> **TASK DIRECTIONS**
Retype every line of the data below, starting with the first and ending with the line that contains "Welcome to this", but leave out the pictures.

----

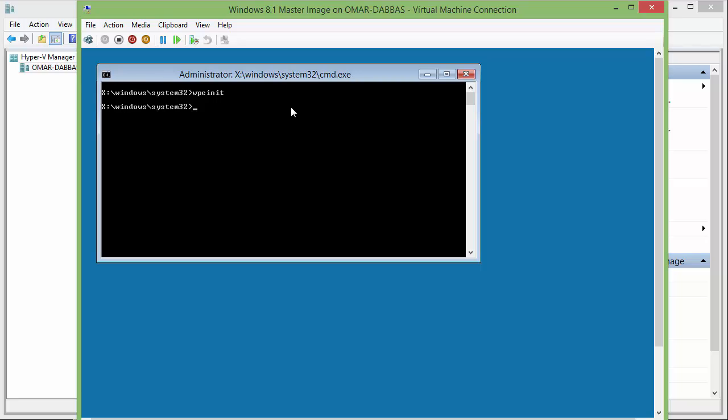Now the real stuff will begin: capturing Windows. First, we need to figure out the drive letter for the Windows drive and the other drive where we will save our image.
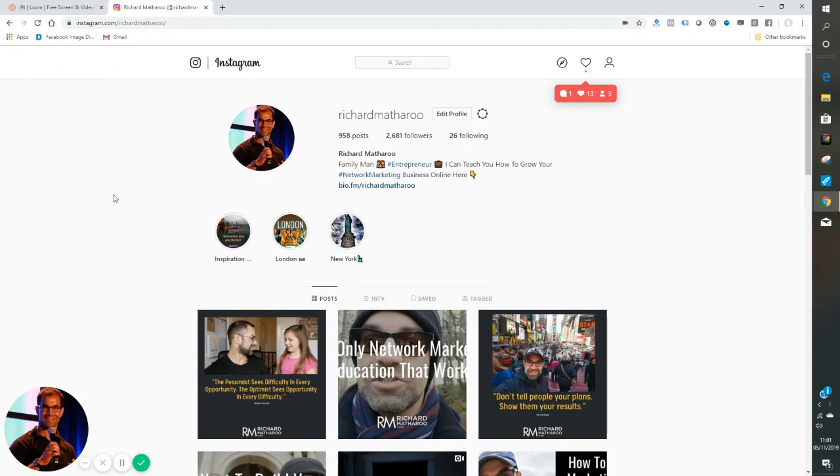Hey there, Richard Mathieu here. I'm going to show you how you can post your Instagram images or stories via your desktop or laptop. And you don't need any software, you don't need to download anything, it's really easy to do.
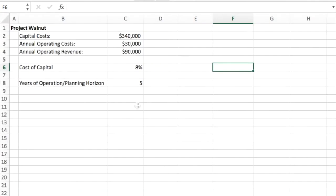Welcome to this short video where I'm going to walk you through how to do a net present value analysis for project selection. I'm going to show you first how to do it manually in Microsoft Excel, and then I will show you how to use some of the built-in functions of Excel to do the same calculations.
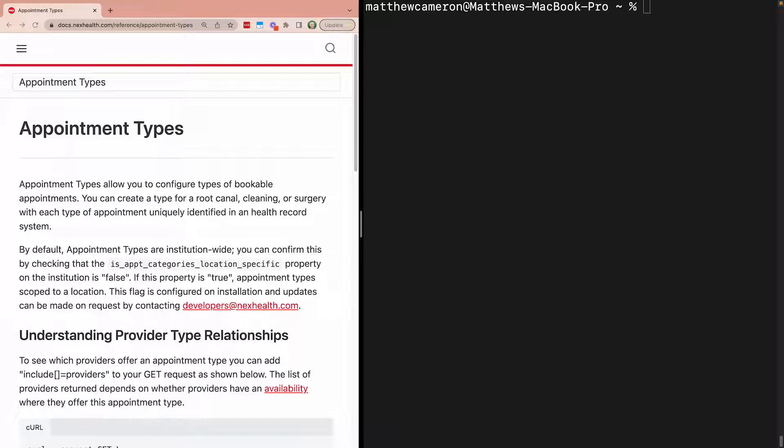Now, let's specify the type of appointment the patient wants to book. You can use appointment types in NexHealth to control the length of the appointment as well as what procedure codes are mapped to that appointment when it's created in the health record system.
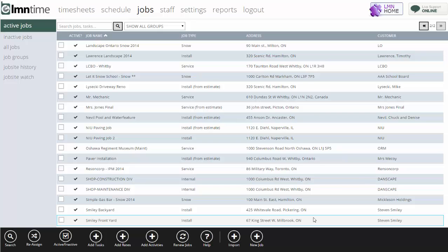Set up a shop job, create some tasks on that shop job to divide your unbillable time if you want, and then make sure your crews clock into that job for any hours that don't directly relate to a customer estimated job.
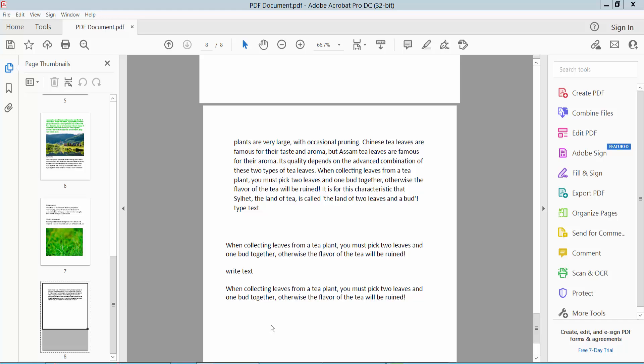Hello everyone, today I am showing you how to remove or delete text from a PDF file using Adobe Acrobat Pro DC.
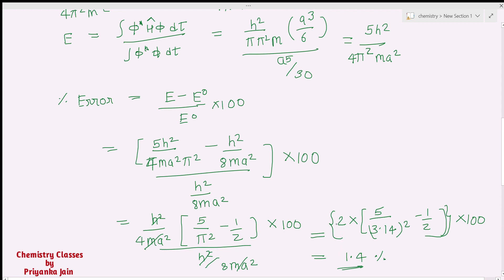In this way you can solve this type of question. I have tried to complete this question in a detailed and simplified manner. For more solved questions and various aspects of quantum mechanics, please go through our playlist. If you like this video, please share it, subscribe to the channel, and leave a comment. Thank you.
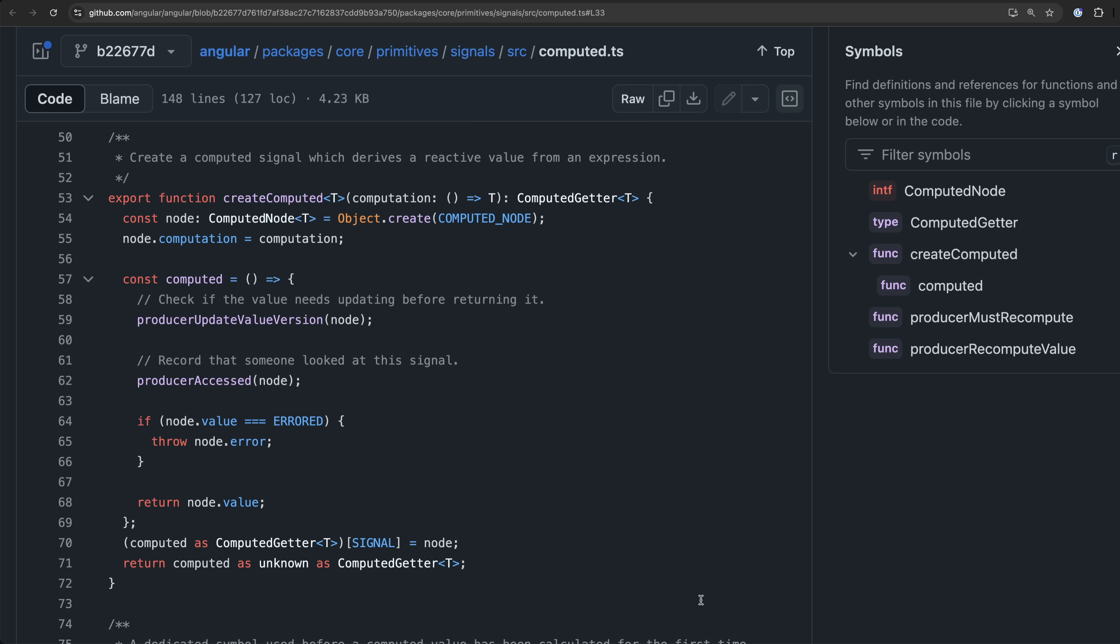Angular is then able to check if a particular value is reactive in the sense of whatever that means to Angular's internal handling by defining a reactive value as anything that has this signal symbol being used as a key for a property.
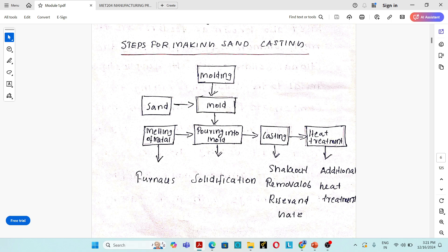So we can wrap up class number one. Today in this section I have discussed: what is the definition of a manufacturing process, what is the difference between hot working and cold working process, what are the main components in a sand casting mold, and what are the steps in a sand casting process. I have provided a Google Drive link in the description where you can download the PDF notes for study.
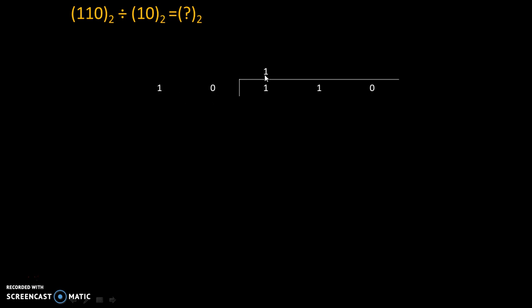So, 10 multiplied by 1 will give us 10. Now, we will subtract these values and we will get 1-0 is equal to 1 and 1-1 is equal to 0.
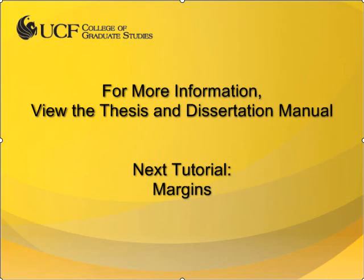This concludes the video for required back matter sections. In the next video, I will discuss how to set up the margins of your document.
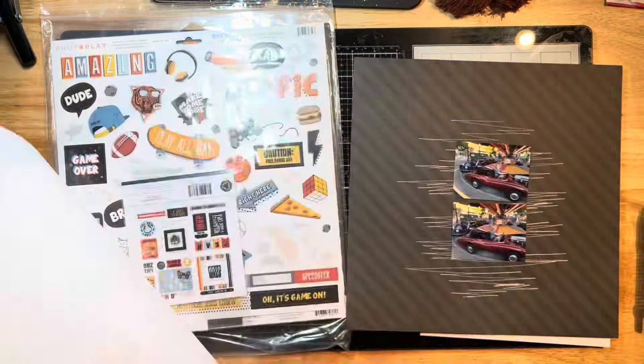Hey everyone, Jessica here with another layout for Cherry On Top. I'm starting this layout with a Photo Play Bros amazing background paper which I've done some machine stitching on, and I've got these two photos of my little guys riding an amusement park ride at our local amusement park.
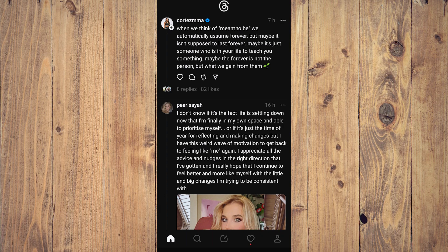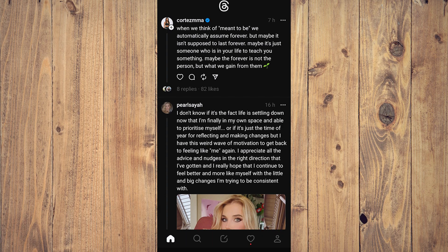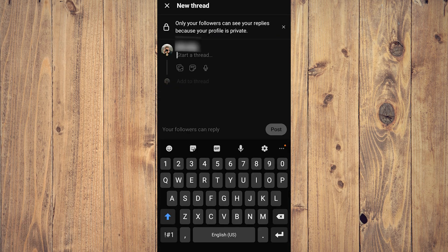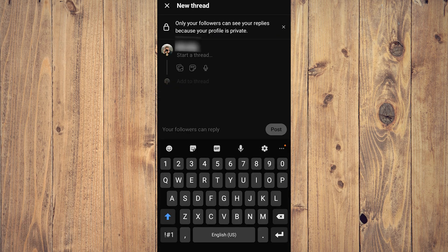Here you're going to be able to see Instagram Threads homepage. If you want to post something, look at the bottom of the screen at the main menu and look at the middle part. Tap on the middle part and as you can see here now we can start a thread.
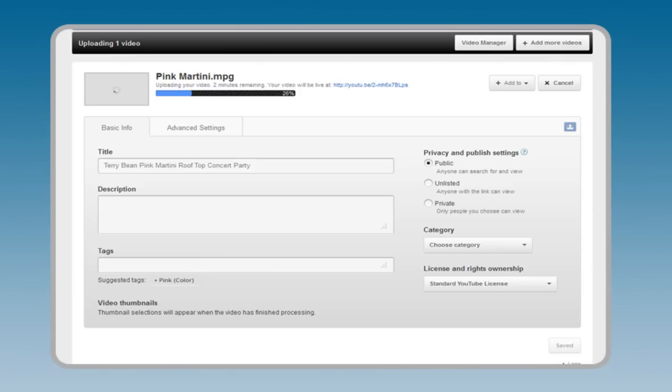Description. A good description includes keywords, your business contact info, and a call to action.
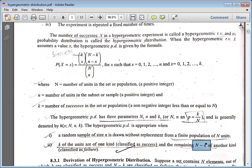This is the hypergeometric distribution theory. I will show you an example and then explain how to use it in the exam. I hope students will understand my lecture, and if you have any confusion, we can all discuss it.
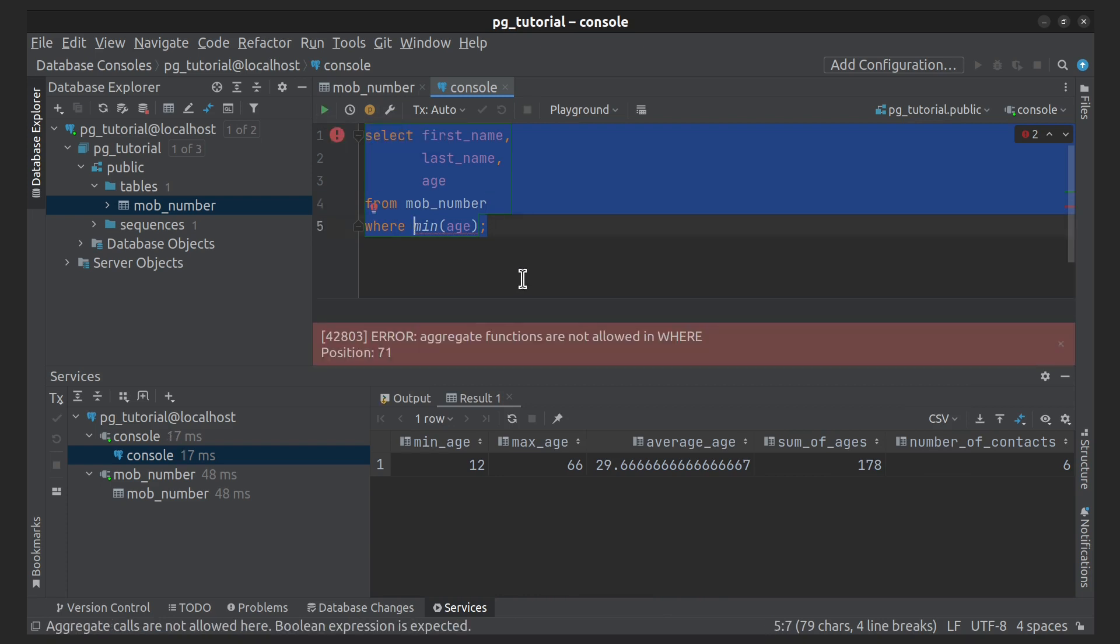Please note that aggregate functions are not allowed in WHERE condition. This is due to the fact that WHERE should first select rows according to a certain condition and only then aggregate functions will be calculated. But we can fix this problem. For this, let's restart SELECT query.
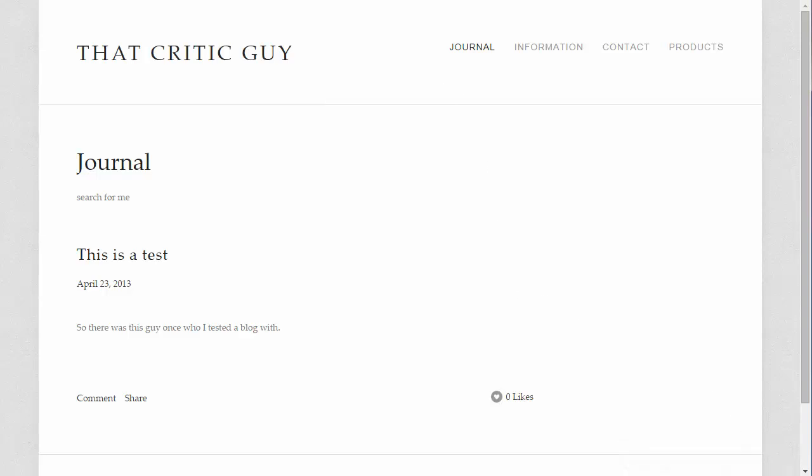And that is how you change a template in Squarespace. If you found this video useful, please subscribe below or share so we can help spread the word. Thank you.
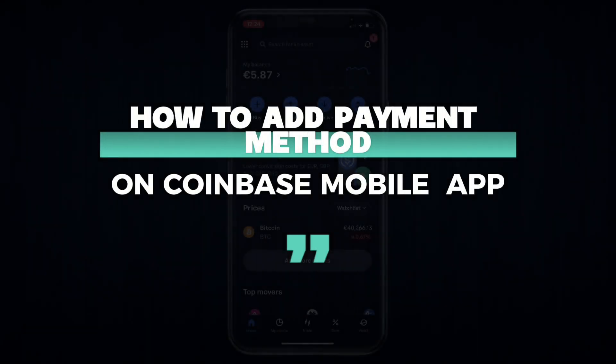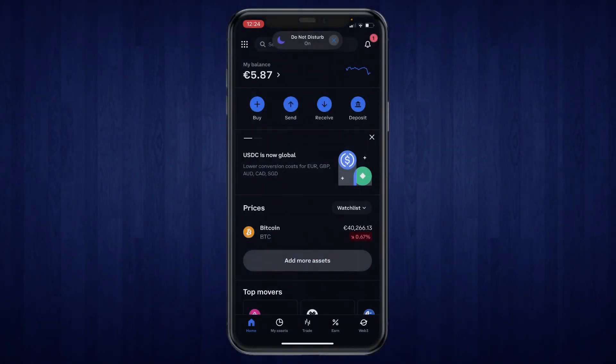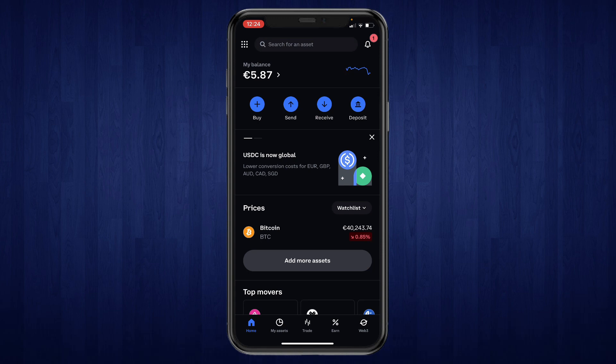In this video I'll show you how to add a payment method on the Coinbase mobile app. First, go ahead and open up the Coinbase app and then click on the nine dots in the top left.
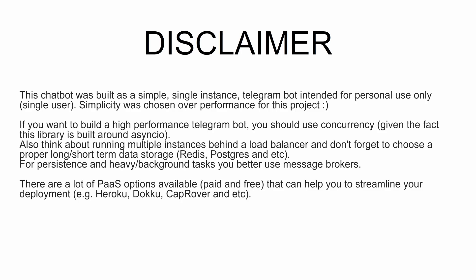This chatbot was built as a simple single instance telegram bot intended for personal use only. Simplicity was chosen over performance for this project. If you want to build a high-performance telegram bot, here are some recommendations for you.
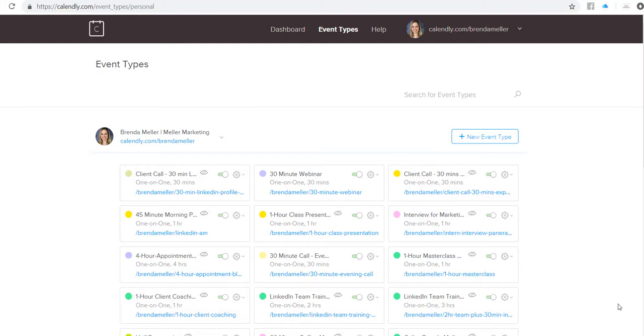I've used Calendly. This is an awesome tool for scheduling appointments. What I do is if I'm trying to schedule a phone call, coaching session, webinar, training session, or anything,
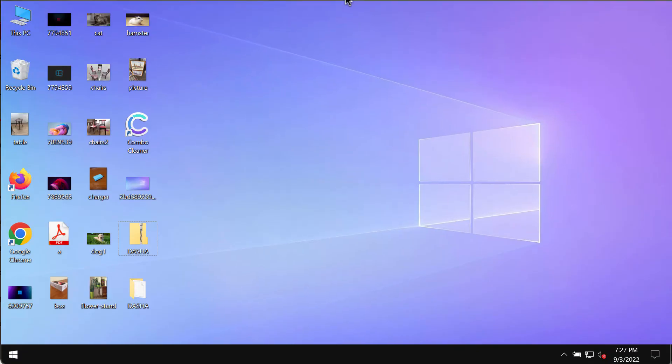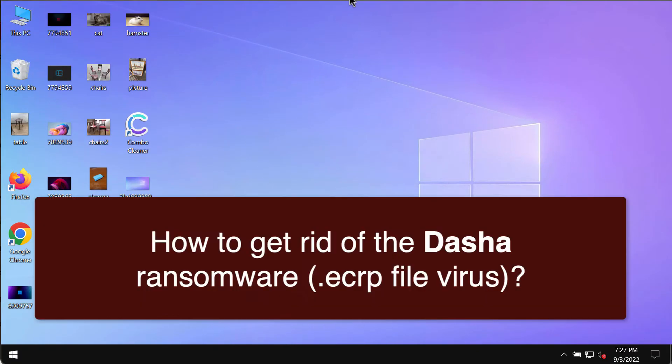My video guide will provide you with instructions that will help you remove the new ransomware which is called Dasha.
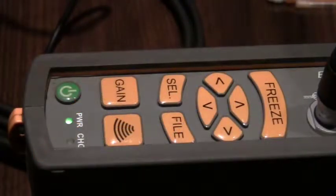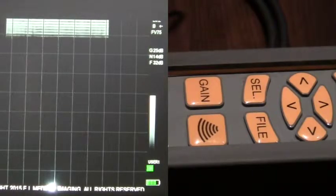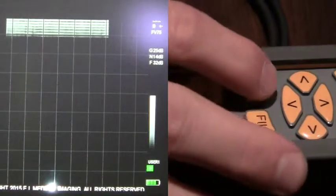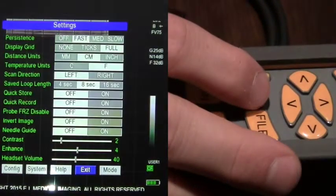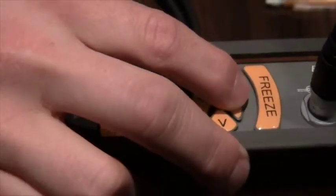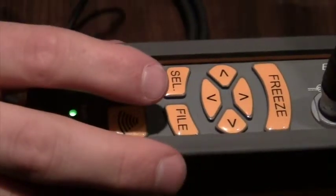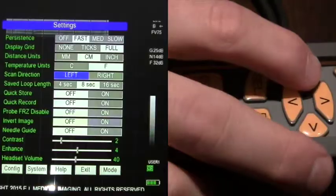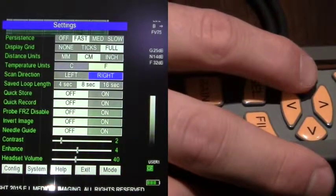To adjust the image direction on the IBEX light, first note the arrow in the upper right-hand corner. Then, by selecting the Select key and using the up arrow, get to the line listed as Scan Direction. Highlight left or right, whichever is preferred. Note the arrow change in the upper right-hand corner.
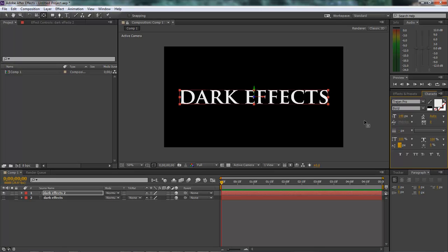Unfortunately, with multiple text layers you're going to have to do this to each one of them if you want to set your anchor point in the center or wherever you want it. But anyway, that's the best way I know how to do it.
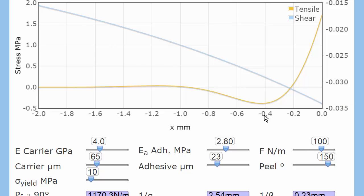Whereas the peel is being dissipated over just one millimeter. So there's a stress intensity in peel which is completely lacking in shear. Which is why things tend to fail more in peel than in shear.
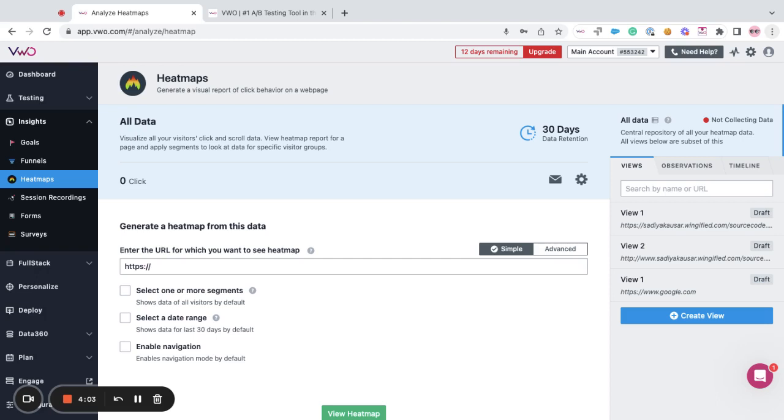The advantage of a view is that you can save the view for quickly reviewing subsets of data for a specific page and even for a specific visitor's segments that you are interested in.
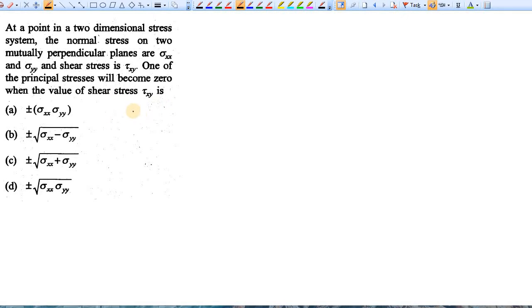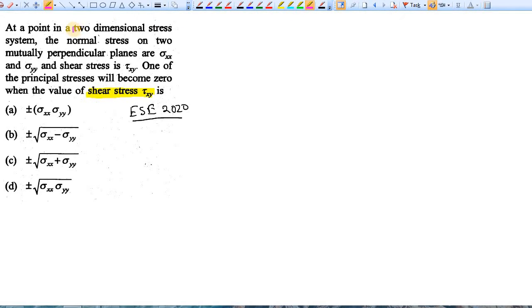This is a problem from the Indian Engineering Service Examination 2020. The question is to find the value of shear stress under certain conditions. At a point, two-directional stress is applied — both normal stresses Sigma X and Sigma Y — and shear stress tau XY is also present.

----

> **RESPONSE AREA**
Now the real stuff will begin: capturing Windows. First, we need to figure out the drive letter for the Windows drive and the other drive where we will save our image.
Hey there, Richard Mathieu here. I'm going to show you how you can post your Instagram images or stories via your desktop or laptop. And you don't need any software, you don't need to download anything, it's really easy to do.
Welcome to this short video where I'm going to walk you through how to do a net present value analysis for project selection. I'm going to show you first how to do it manually in Microsoft Excel, and then I will show you how to use some of the built-in functions of Excel to do the same calculations.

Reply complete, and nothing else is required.